# Canadian Citizen - how long can she stay



## Finar76 (Apr 19, 2015)

Hello,

I am an Italian Citizen (I have lived outside Italy since a while ago, even before getting married) and my wife is Canadian.

We are currently spending some time in Italy and she entered as standard tourist visa on arrival...

How long can she stay here? is it possible to extend it?

Regards

Finar


----------



## panama rick (Oct 15, 2014)

My understanding is that a tourist visa is only good for 90 days in any 180 day period. Many countries (including Canada) don't require tourist visas, only a valid passport. I don't believe there's any type of extension allowed, so she would have to exit and remain out of Italy for 90 days.


----------



## Finar76 (Apr 19, 2015)

panama rick said:


> My understanding is that a tourist visa is only good for 90 days in any 180 day period. Many countries (including Canada) don't require tourist visas, only a valid passport. I don't believe there's any type of extension allowed, so she would have to exit and remain out of Italy for 90 days.

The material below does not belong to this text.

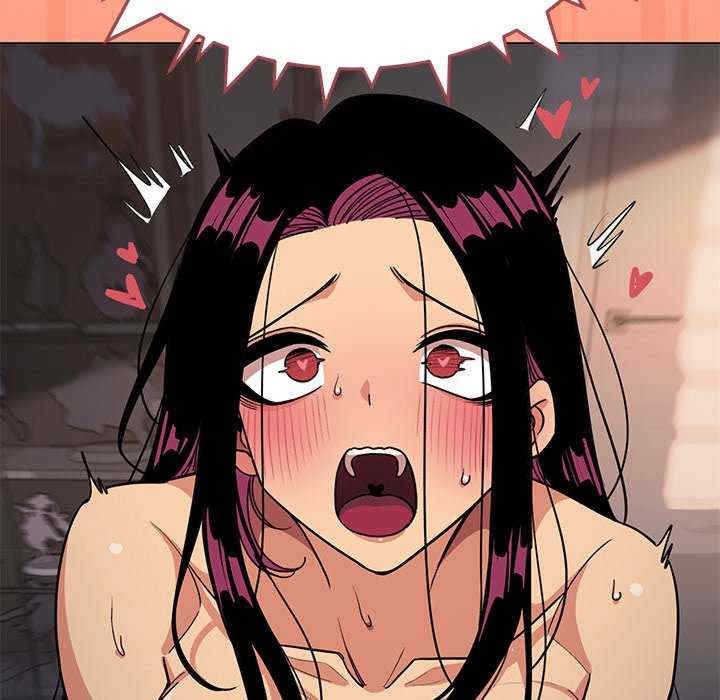 第195张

dammmm she has already passed the initial 90 days..... what now? alternatives?


----------



## panama rick (Oct 15, 2014)

Finar76. Our situation was similar to yours. If you would like to PM me I'll tell you what we did.
[email protected].


----------



## Italia-Mx (Jan 14, 2009)

You can only extend your wife's right to remain in Italy if you apply for legal residence yourself, which in fact, you must also do even if you're an Italian citizen. That means if you don't want to apply you also have to leave the country. Every person remaining in Italy for more than 90 days must be accounted for -- unless, of course, you floated over on a dinghy from Africa, but that is about to also change -- SOON.


----------